A breast MRI can sometimes provide better distinction between masses due to cancer and those related to benign causes than a mammogram, especially in women who have dense breasts. During a breast MRI, a contrast agent is injected into the bloodstream. When this contrast "lights up" on the image, the region that lights up is said to be enhanced, and appears brighter than the surrounding tissue

Malignant Breast Tumor

Cancerous masses on MRI differ both in general appearance, and the length of time they appear (kinetics). On MRI, a cancerous mass often has irregular or spiculated borders with internal septation that enhances. Rim enhancement (brightening) on the outside of the mass is also common. Cancerous tumors also often have rapid signal intensity. In lay man's terms, this means that the areas that are cancerous light up rapidly from the contrast when the image is taken, but then wash out rapidly (turn less bright) rapidly as well.

Benign Breast Tumor

On MRI, benign breast masses often have smooth borders or are lobulated. If enhancement of the mass is present, it is usually minimal or patchy. The rise in signal intensity is slow (the image becomes bright only very slowly), and doesn't wash out (it stays bright).

Appearance on Biopsy

When a breast biopsy is done, tissue is sent to a pathologist to look at under a microscope (and special molecular studies are usually done as well). The pathologist will look at the size and shape of the cells as well as the arrangement of cells (this can be seen on a core biopsy or open biopsy but not on a needle biopsy specimen).

Breast Cancer Tumor Cells

Under the microscope, breast cancer cells may appear similar to normal breast cells (well-differentiated) or very little like breast cancer cells (poorly differentiated) depending on the tumor grade. Cancer cells differ from normal cells in many ways.

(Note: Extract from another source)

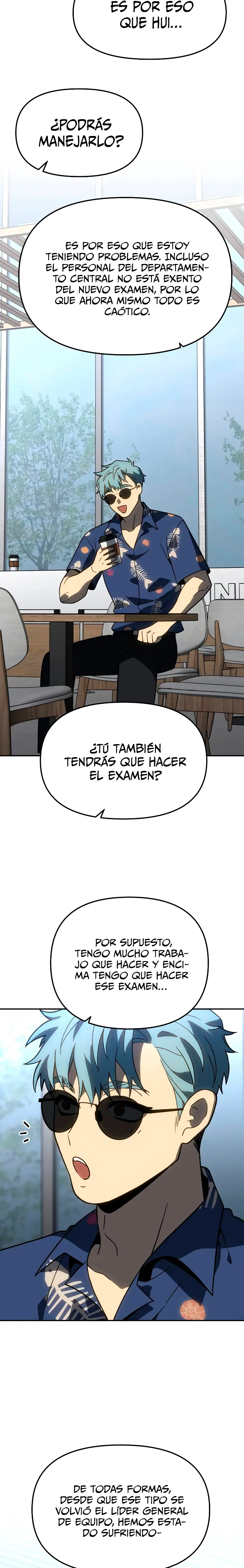 Solía ser un jefe > Capitulo 114 > Page 381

The cells may be arranged in clusters, and may be seen invading blood vessels or lymphatic vessels. The nucleus of cancer cells can be striking, with nuclei that are larger, irregular in shape, and stain darker with special dyes. There are also often extra nuclei (rather than just one) present.

Benign Breast Mass Cells

Benign breast cells may look identical to normal breast cells, or different, but non-cancerous depending on the condition.

A Word From Verywell

Looking at the differences in breast cancer tumors and benign breast masses on exam as well as imaging studies can help you understand why these tests are done. Knowing the limitations and how there are exceptions to all of these "general rules," however, can help you understand why a doctor may sometimes recommend a breast biopsy even if findings strongly suggest that a mass is either benign or malignant.